Short text fragments from websites
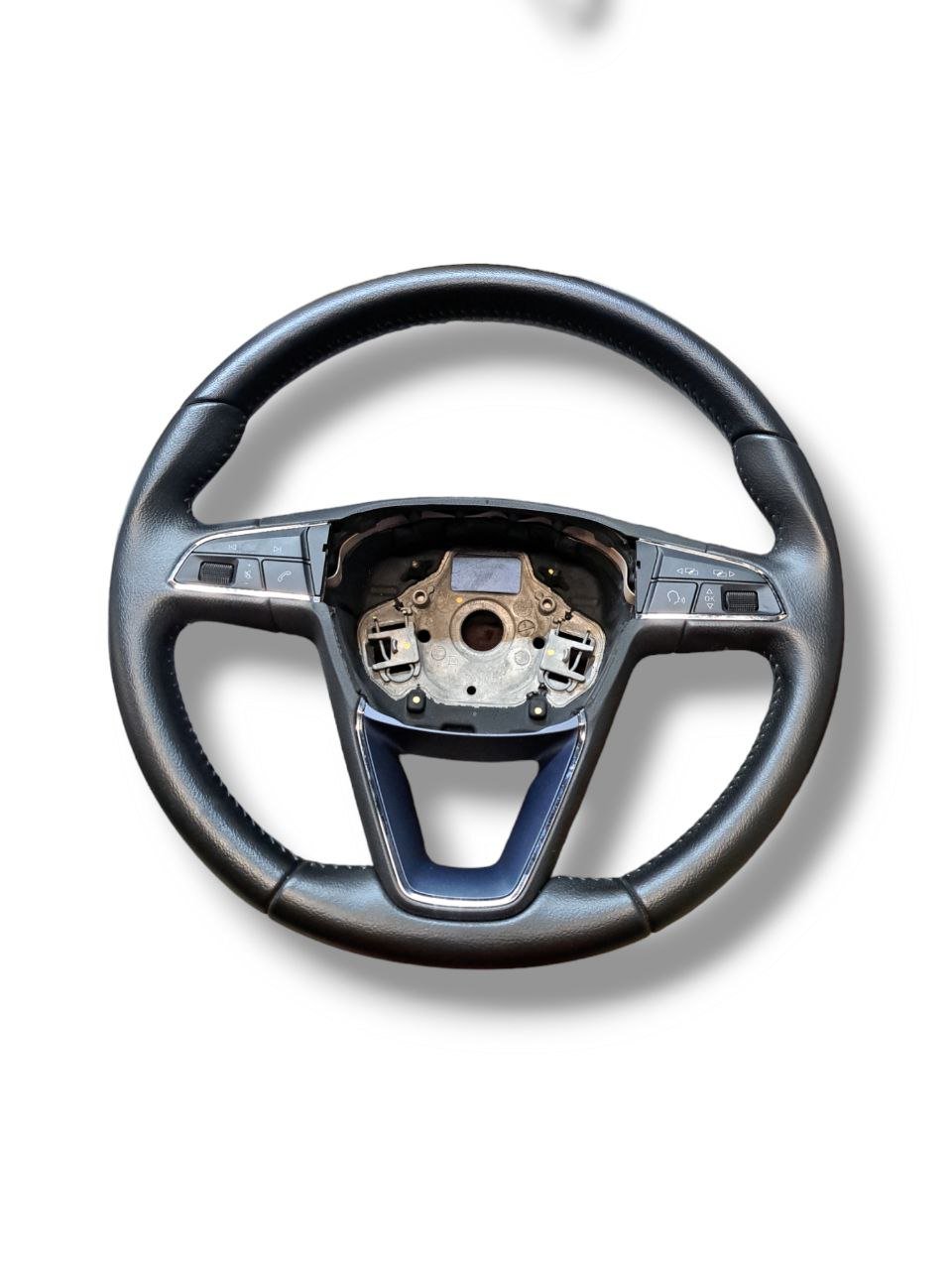 Volante / Sterzo + Comandi al Volante In Pelle Nero Seat Ibiza (2015) COD:5F0419685A - F&amp;P CRASH SRLS - Ricambi Usati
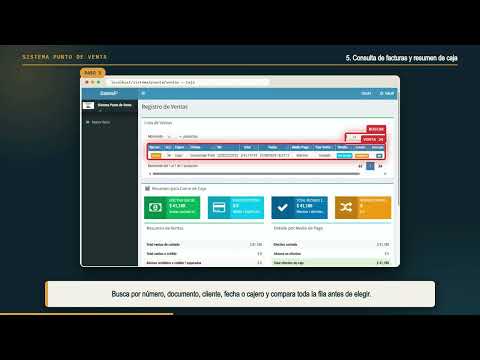 Vista previa: Consulta de facturas y resumen de caja
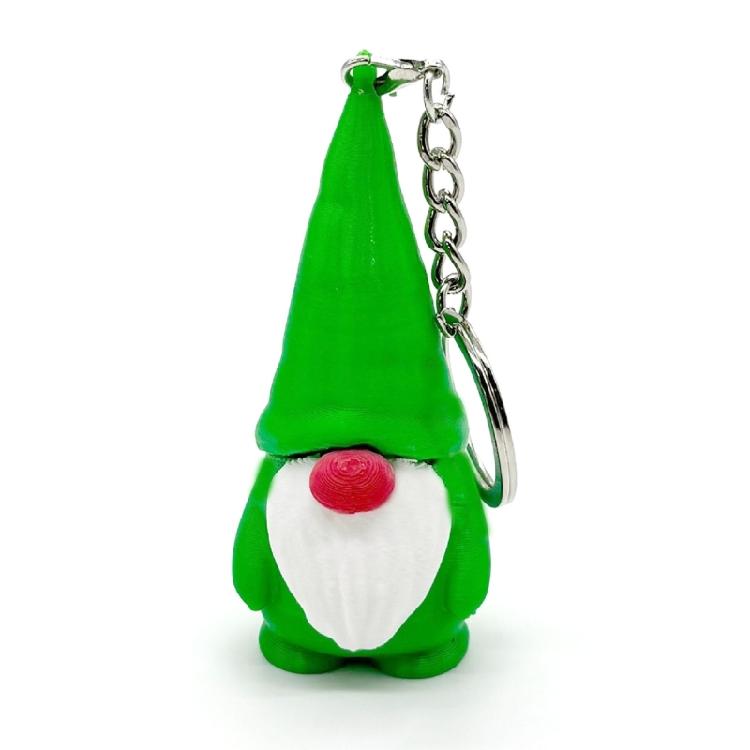 Christmas Keychain PLA Dwarf Ornament Gnome Figurine Pendant Keyring Accessory Festival Key Holder Decoration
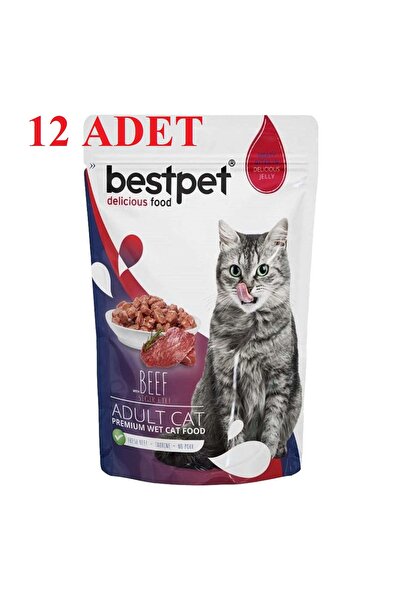 Bestpet Pouch Sığır Etli Yetişkin Kedi Konservesi 85gr X 12 ADET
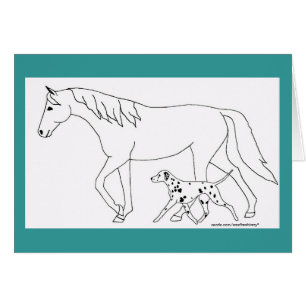 Dalmate et cheval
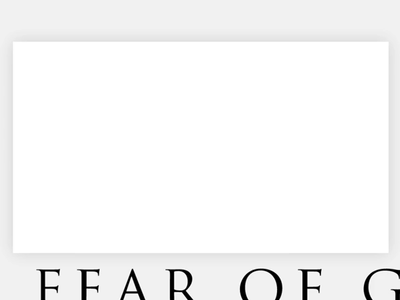 Fear of God - Concept website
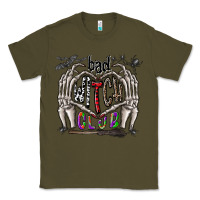 Army Green bad witch club Classic Tee - CowhideDigitalArt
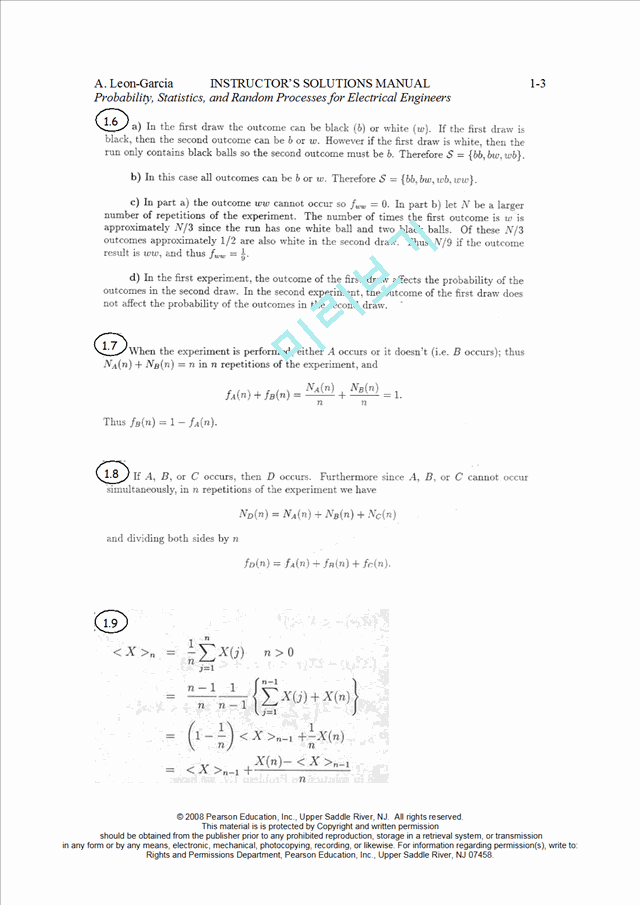 probability-for-electrical-and-computer-engineers-solutions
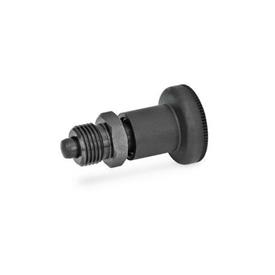 GN 607.1 Steel Short Indexing Plungers, Lock-Out Type: A - Without lock nut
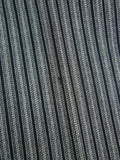 26/1109 near immaculate vintage 1983 savile row bespoke high-rise 'cashmere stripe' worsted morning trouser 34-38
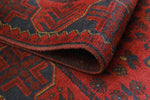 Khal Mohammadi Vingon Red/Navy Runner, 2'8" x 9'9"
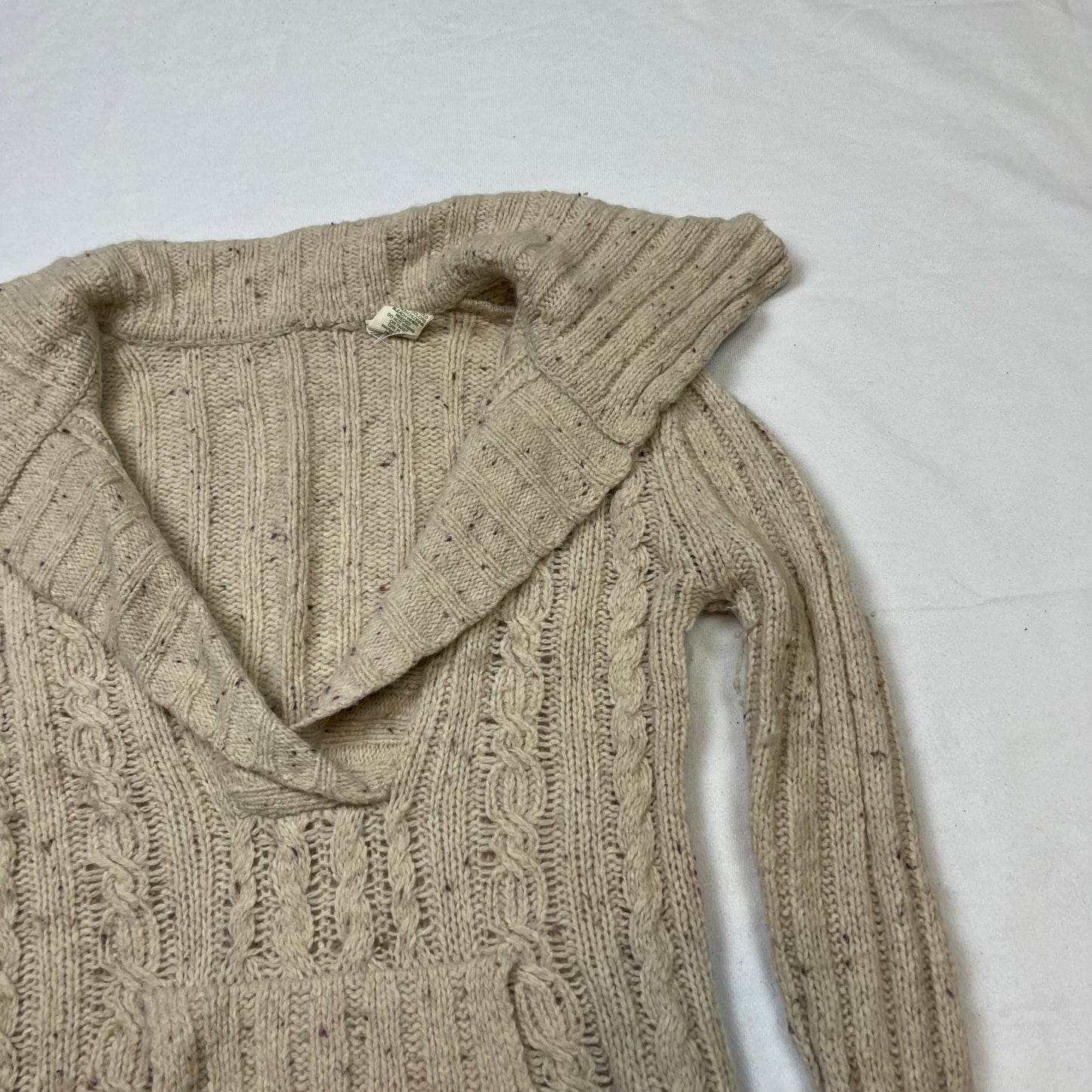 Y2K knit hoodie sweater (S)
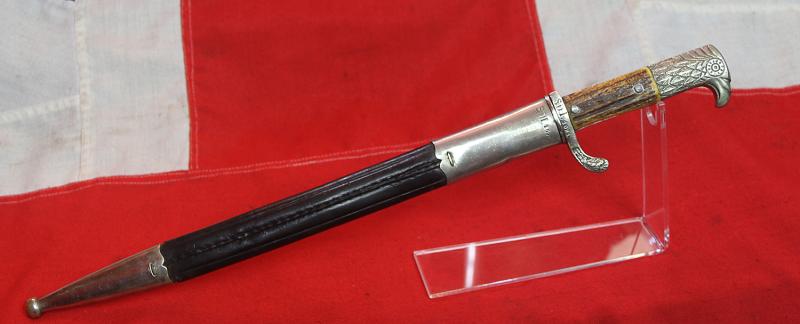A Very Fine, Section Marked, S.D., WW2 German Polizei Dagger. by Holler. One of Two Polizei Daggers Just Arrived But Sold Seperately.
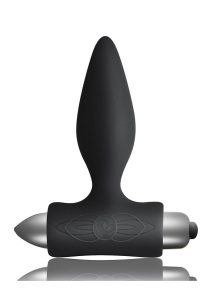 Petite Sensations Silicone Vibrating Anal Plug - Black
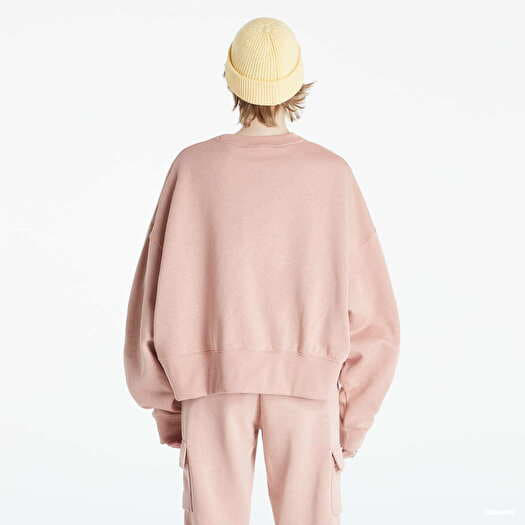 Hoodies and sweatshirts Nike Oversized Fleece Crew Sweatshirt Rose Whisper Queens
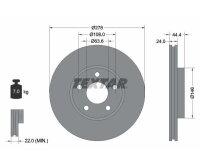 2x Bremsscheiben vorne 278mm für Ford Transit Connect Tourneo Textar PRO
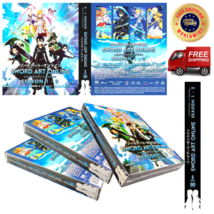 Sword Art Online Sao Season 1-3 Vol 1-96 End English Dubbed Anime Dvd Complete - £47.69 GBP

Exercise brief
Output exactly the lines from the line containing "Christmas Keychain PLA" through the last line of the records, both included, and leave out every picture.

Output below
 Christmas Keychain PLA Dwarf Ornament Gnome Figurine Pendant Keyring Accessory Festival Key Holder Decoration
 Bestpet Pouch Sığır Etli Yetişkin Kedi Konservesi 85gr X 12 ADET
 Dalmate et cheval
 Fear of God - Concept website
 Army Green bad witch club Classic Tee - CowhideDigitalArt
 probability-for-electrical-and-computer-engineers-solutions
 GN 607.1 Steel Short Indexing Plungers, Lock-Out Type: A - Without lock nut
 26/1109 near immaculate vintage 1983 savile row bespoke high-rise 'cashmere stripe' worsted morning trouser 34-38
 Khal Mohammadi Vingon Red/Navy Runner, 2'8" x 9'9"
 Y2K knit hoodie sweater (S)
A Very Fine, Section Marked, S.D., WW2 German Polizei Dagger. by Holler. One of Two Polizei Daggers Just Arrived But Sold Seperately.
 Petite Sensations Silicone Vibrating Anal Plug - Black
 Hoodies and sweatshirts Nike Oversized Fleece Crew Sweatshirt Rose Whisper Queens
 2x Bremsscheiben vorne 278mm für Ford Transit Connect Tourneo Textar PRO
 Sword Art Online Sao Season 1-3 Vol 1-96 End English Dubbed Anime Dvd Complete - £47.69 GBP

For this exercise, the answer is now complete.